*** Opening of SUPPLIED MATERIAL ***
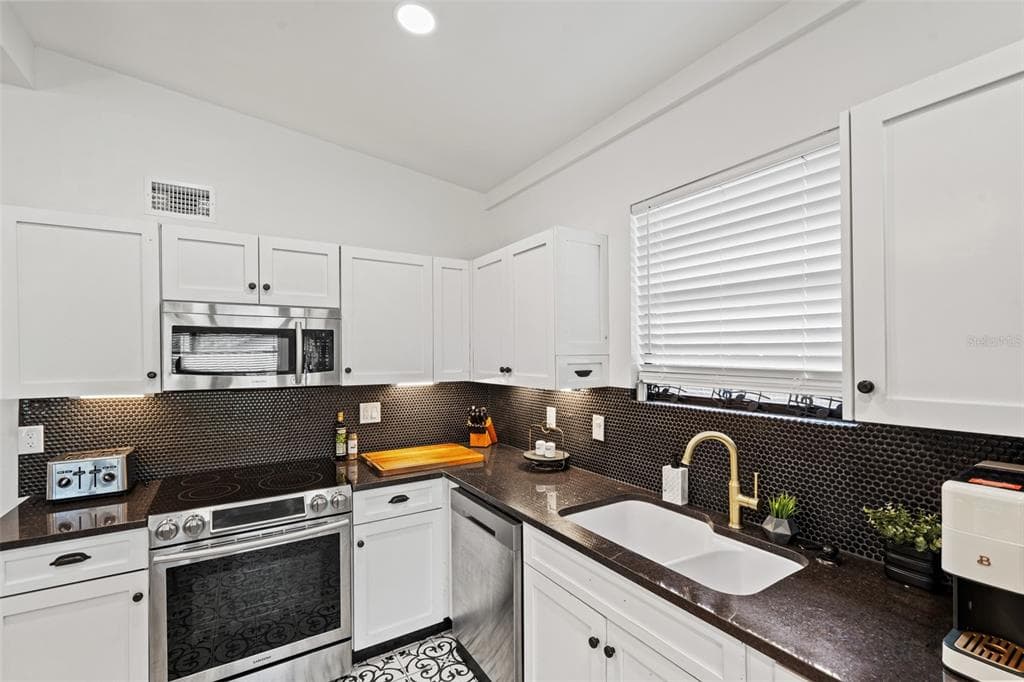 308 E HOLLYWOOD STREET photo 21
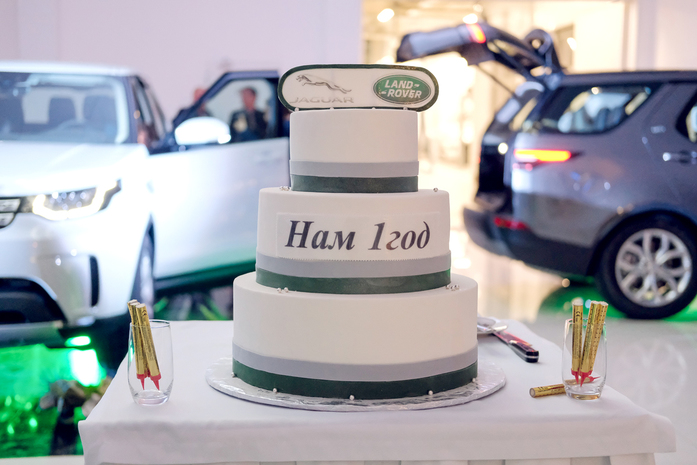 Jaguar Land Rover Вестминстер первым в Красноярске представил Discovery пятого поколения 1 Jaguar Land Rover Вестминстер первым в Красноярске представил Discovery пятого поколения 1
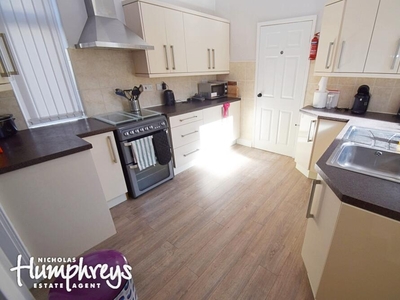 4 bedroom house share for rent in Newlands Street, Shelton, Stoke-On-Trent, ST4
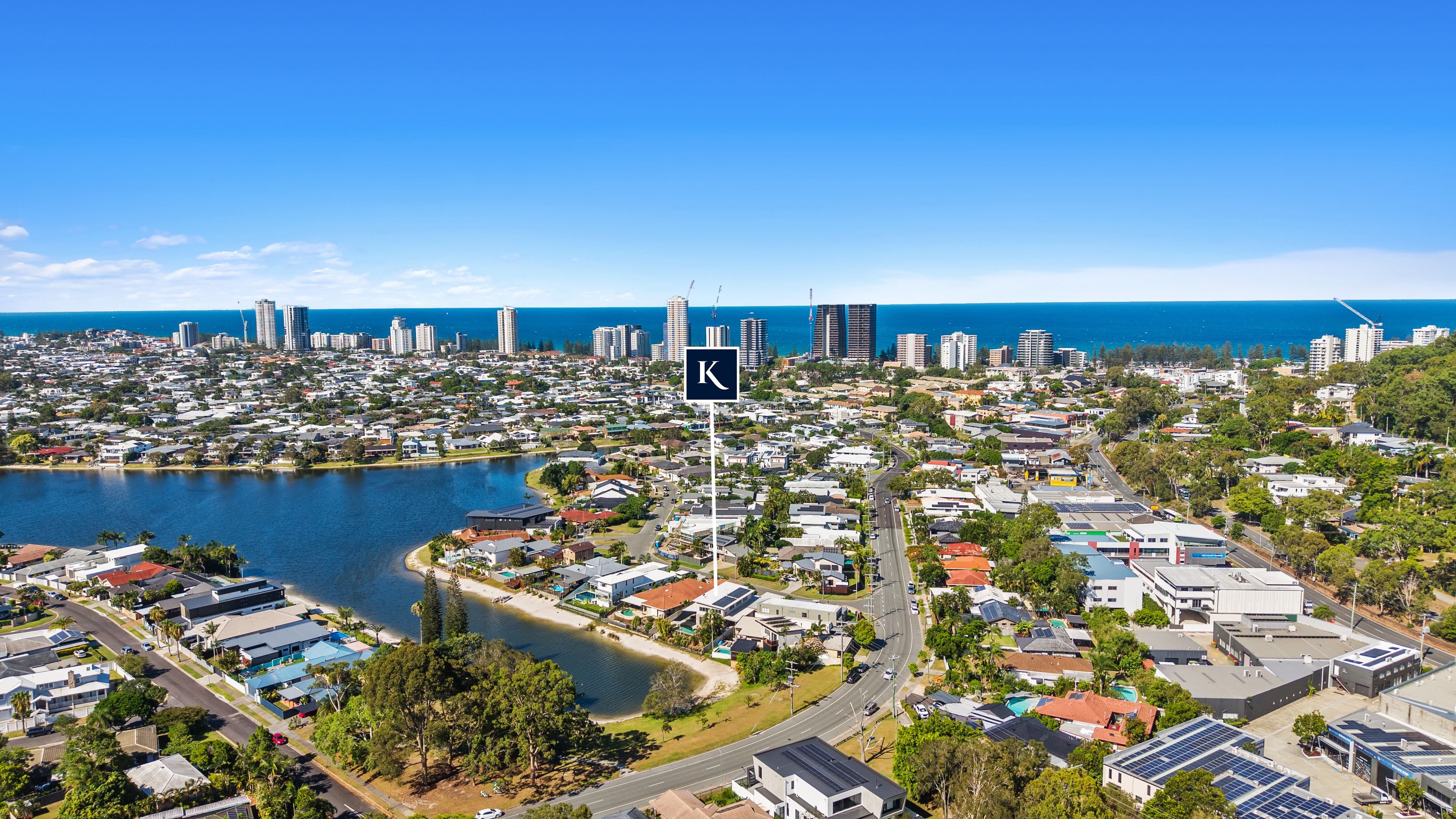 49 Kingfisher Crescent, Burleigh Waters — photo 1 of 5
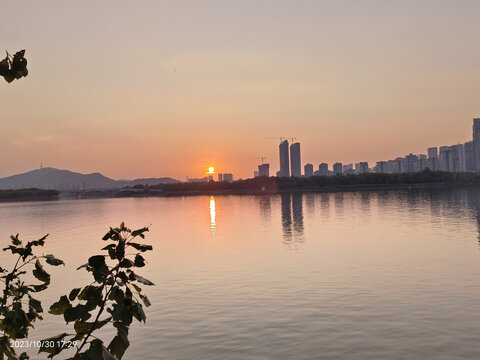 湘江河岸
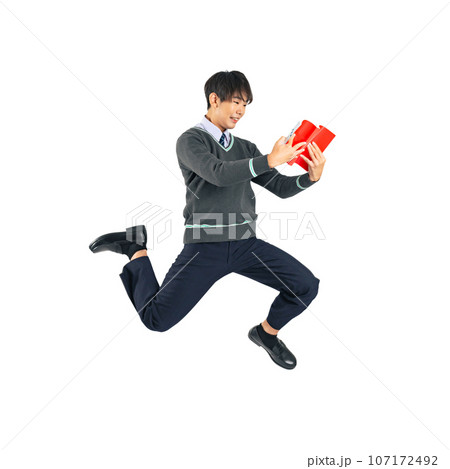 本を読みながらジャンプする男子学生 背景透過切り抜きPNG 本を読みながらジャンプする男子学生 背景透過切り抜きPNG 107172492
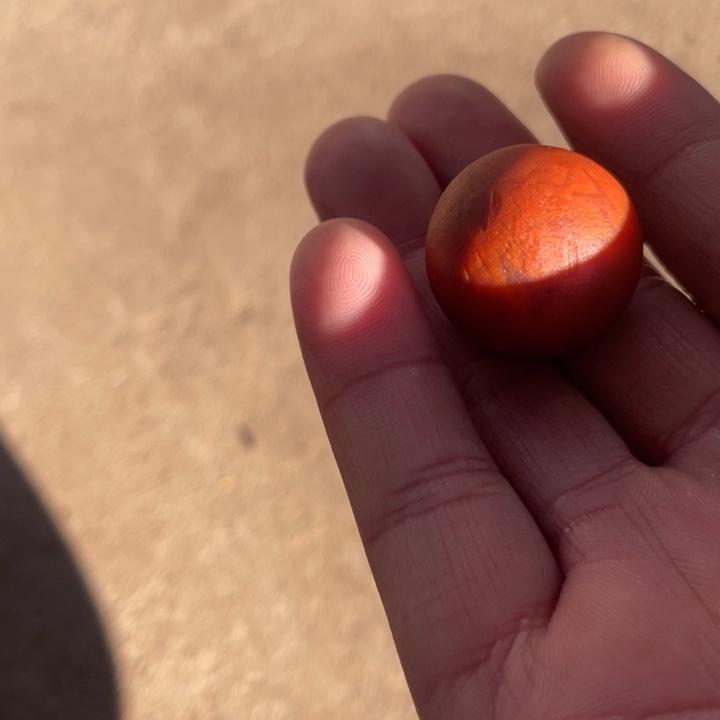 南红玛瑙珠子未镶嵌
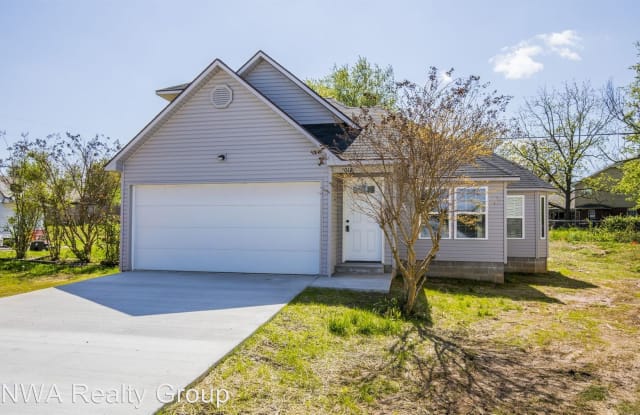 1012 S. 25th Place - 1012 South 25th Place, Rogers, AR 72758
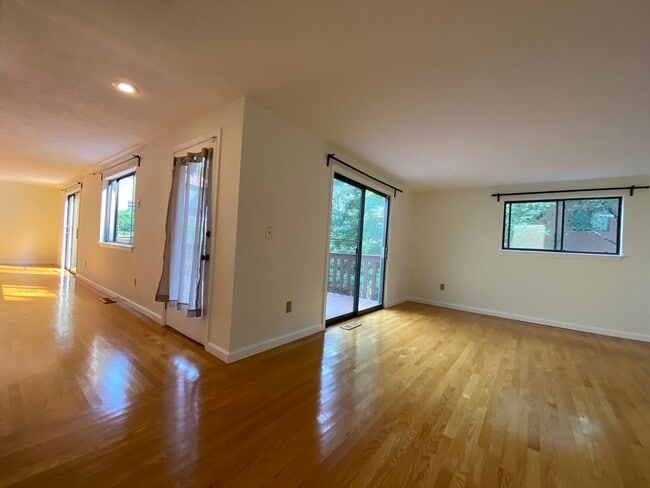 119 Spyglass Hill Dr in Ashland, MA - Building Photo - Building Photo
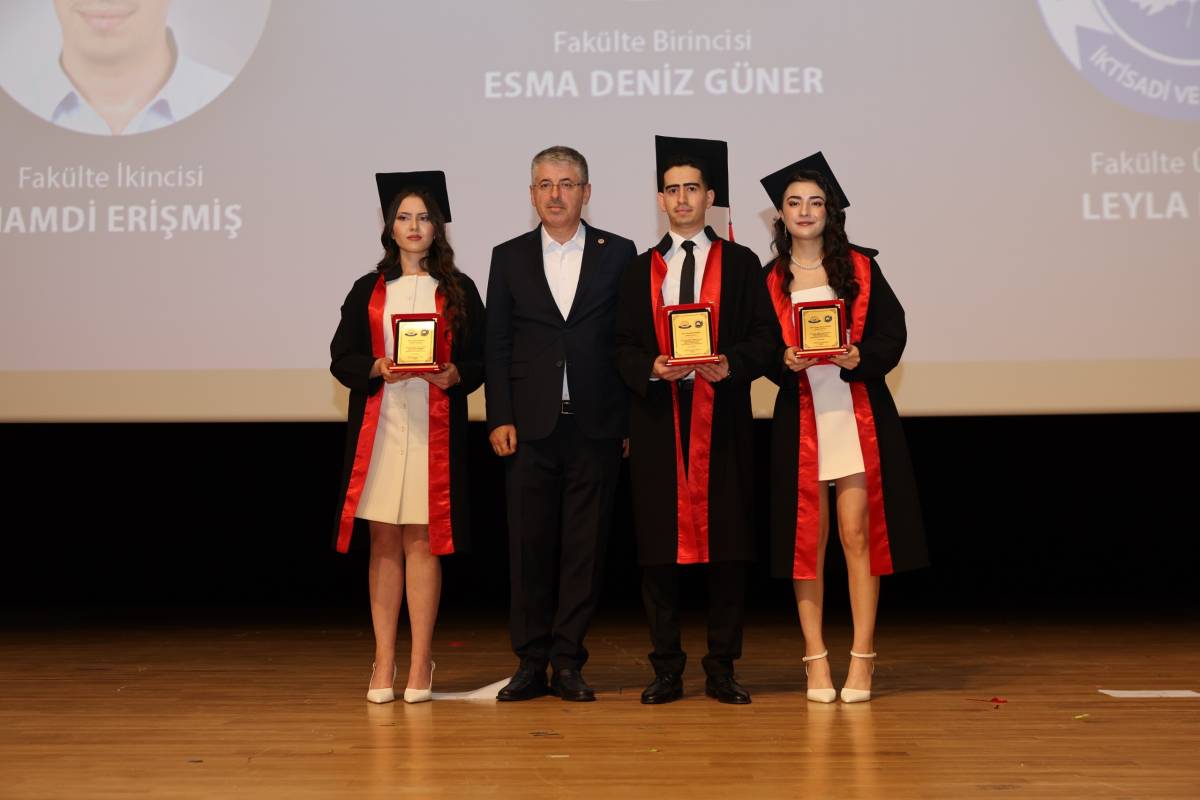 ERÜ İİBF 44. DÖNEM MEZUNLARINI VERDİ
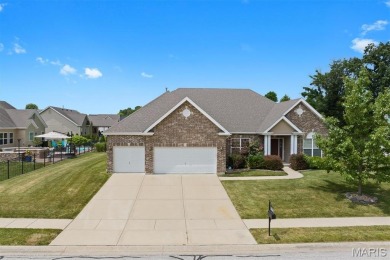 Welcome to this stunning 4-bedroom, 3-bath home offering space on Far Oaks Golf Club in Illinois - for sale on GolfHomes.com, golf home, golf lot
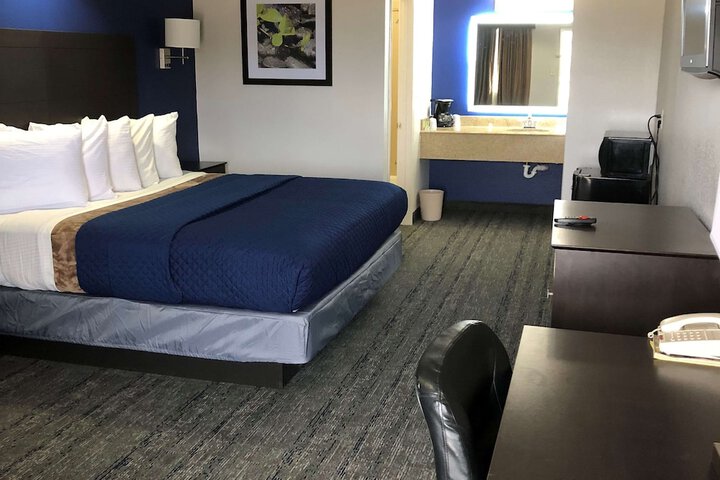Room 22 of 35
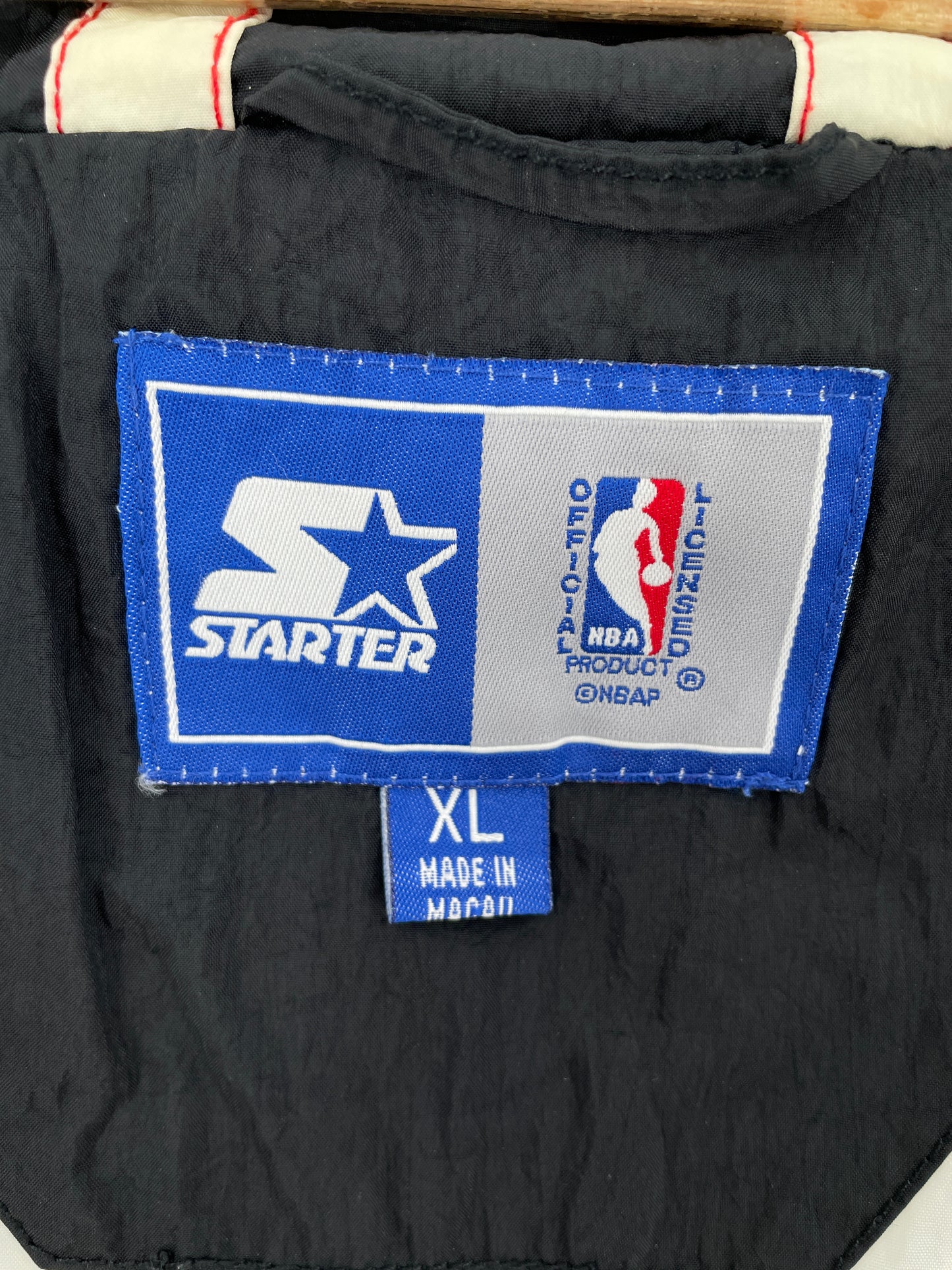 90's STARTER x CHICAGO BULLS Size XL Vintage NBA Nylon Jacket / A6834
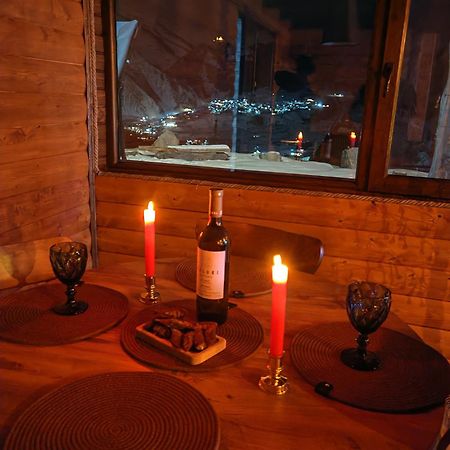 Alone Cottage Kazbegi Δωμάτιο φωτογραφία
*** Close of SUPPLIED MATERIAL ***
DESCRIPTION OF THE TASK
Leave out the pictures, and write out exactly the lines from the line containing "ERÜ İİBF 44. DÖNEM MEZUNLARINI VERDİ" through the end of the records above.

ANSWER AREA
 ERÜ İİBF 44. DÖNEM MEZUNLARINI VERDİ
 Welcome to this stunning 4-bedroom, 3-bath home offering space on Far Oaks Golf Club in Illinois - for sale on GolfHomes.com, golf home, golf lot
Room 22 of 35
 90's STARTER x CHICAGO BULLS Size XL Vintage NBA Nylon Jacket / A6834
 Alone Cottage Kazbegi Δωμάτιο φωτογραφία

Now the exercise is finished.